ふたりが旅立つ時、見送りはせずにひとり部屋で浮かべる微笑も深い。

だが。
「何があっても離れんじゃねえぞ」という覚馬に「おまえが言うな」と視聴者全員が突っ込んだだろう。
いや、もちろんわかってるよ。あれは「お前は」何があっても離れんじゃねえぞの意味なんだよね。
でもちょいと突っ込まずにはおれない失笑シーンだった(感動シーンなのに!)

まあ、ツイッター界で兄が投げ込まれすぎたせいで鴨川があんな事になっちゃったけど、今回でだいぶ水位が減ったんじゃないだろうか(笑)

Comment

sannzi says... "ちょっと安心した回でした。"
今回は題名からして、めんどくさそうな内容になりそうで、不安に思っていました。
コテコテの朝ドラになるのではないかと思って、
でも実際はそんな事も無く、意外と楽しめたなと思っておりました。
冒頭の、おおむねな感じのまとめを読むと、多くの要素が描かれていたのですね。
それで飽きなかったのだと納得しました。

今回も八重さんを主役にするのが難しい内容だったと思います。
確かに覚馬がいきなり議長に選ばれたりして、不自然な思いはしていました。
なぜ薩摩に囚われた時、一人手厚く扱われたのか、きっとそれなりの人格を持っていたのだろうと想像はしていました。
考えてみれば、そこら辺りが全く描かれていませんでした。
でも、私の想像していた以上に偉大な人物だったのですね、知らなかった・・・

襄先生の交友関係も凄いですね・・・
いよいよ八重さん主役が難しくなっていくような(^_^;)
でもきっとジャンヌダルクだけではない人柄が描きだされていくのだろうなと思います。

しかして今回一番印象的だったのが、髪を振り乱して怒り狂う槇村と、「何があっても離れんじゃねえぞ」でした。
私でさえ「おまえが言うな」とちょこっと突っ込んでしまいました(^_^;)
2013.10.18 23:37 | URL | #u2lyCPR2 [edit]
rose says... "ほっとしましたねー!ウンウン"
>sannziさん
毎度偏った感想にお付き合いいただいてありがとうございます。
ほんと、sannziさんや、ツイッター仲間が一緒に見ていてくれるからこそ、ドラマを二重三重に楽しめるんだなあと思います。
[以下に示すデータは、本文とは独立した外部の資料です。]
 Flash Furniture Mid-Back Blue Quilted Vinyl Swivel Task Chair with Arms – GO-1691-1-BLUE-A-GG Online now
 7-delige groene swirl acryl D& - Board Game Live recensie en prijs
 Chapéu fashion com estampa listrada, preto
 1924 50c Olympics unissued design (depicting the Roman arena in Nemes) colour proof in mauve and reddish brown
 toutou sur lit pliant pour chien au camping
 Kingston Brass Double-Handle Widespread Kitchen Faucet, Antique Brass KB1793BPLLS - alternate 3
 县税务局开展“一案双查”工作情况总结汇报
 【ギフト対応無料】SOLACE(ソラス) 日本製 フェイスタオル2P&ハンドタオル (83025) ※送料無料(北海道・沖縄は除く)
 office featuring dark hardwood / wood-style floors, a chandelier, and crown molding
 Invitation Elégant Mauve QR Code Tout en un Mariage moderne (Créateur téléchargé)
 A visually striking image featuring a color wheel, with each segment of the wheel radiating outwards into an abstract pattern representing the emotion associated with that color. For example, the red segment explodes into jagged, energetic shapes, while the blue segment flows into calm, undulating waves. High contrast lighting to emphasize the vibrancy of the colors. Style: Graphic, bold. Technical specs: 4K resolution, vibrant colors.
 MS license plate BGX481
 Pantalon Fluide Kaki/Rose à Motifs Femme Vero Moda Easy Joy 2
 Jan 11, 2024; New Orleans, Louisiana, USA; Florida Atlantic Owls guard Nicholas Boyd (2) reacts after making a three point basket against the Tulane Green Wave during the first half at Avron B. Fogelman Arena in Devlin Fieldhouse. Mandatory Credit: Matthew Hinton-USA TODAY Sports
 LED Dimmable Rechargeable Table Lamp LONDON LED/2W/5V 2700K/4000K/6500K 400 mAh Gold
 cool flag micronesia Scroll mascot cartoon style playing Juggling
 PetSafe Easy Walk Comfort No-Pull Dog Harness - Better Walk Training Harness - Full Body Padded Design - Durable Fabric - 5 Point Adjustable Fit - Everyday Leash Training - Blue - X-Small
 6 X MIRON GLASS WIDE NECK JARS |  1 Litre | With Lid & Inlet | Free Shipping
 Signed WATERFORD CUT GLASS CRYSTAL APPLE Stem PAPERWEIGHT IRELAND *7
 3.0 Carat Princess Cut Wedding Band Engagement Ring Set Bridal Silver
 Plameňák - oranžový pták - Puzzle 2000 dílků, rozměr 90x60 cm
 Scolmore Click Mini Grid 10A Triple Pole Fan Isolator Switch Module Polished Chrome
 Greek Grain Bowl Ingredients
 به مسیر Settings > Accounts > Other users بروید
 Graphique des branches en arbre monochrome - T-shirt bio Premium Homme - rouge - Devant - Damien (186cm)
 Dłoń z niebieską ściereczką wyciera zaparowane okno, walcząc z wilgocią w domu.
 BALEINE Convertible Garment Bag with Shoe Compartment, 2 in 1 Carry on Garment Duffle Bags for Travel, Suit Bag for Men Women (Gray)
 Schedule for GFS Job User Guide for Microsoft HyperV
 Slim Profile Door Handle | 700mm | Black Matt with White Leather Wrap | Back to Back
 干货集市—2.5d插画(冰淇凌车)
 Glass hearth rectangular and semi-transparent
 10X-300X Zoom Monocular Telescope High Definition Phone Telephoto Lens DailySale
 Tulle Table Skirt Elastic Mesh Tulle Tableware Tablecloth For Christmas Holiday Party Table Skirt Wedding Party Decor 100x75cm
ひとりだったら楽しみもひとりぶんだけですもんねえ。

今回は脚本が山本むつみさんだったそうで、やはり歴史的なポイントを抑えるのはこの方が一番うまい気がします。八重さんが影薄いのは、やはり史実的に国や政治に絡む人物ではないわけで、そこを無理に補強するといわゆるスイーツになってしまう以上しょうがないんでしょうね。
それでも頑張ってバランスとってるなあと思います。個人的にはドラマの八重さんの性格結構好きなんですよね。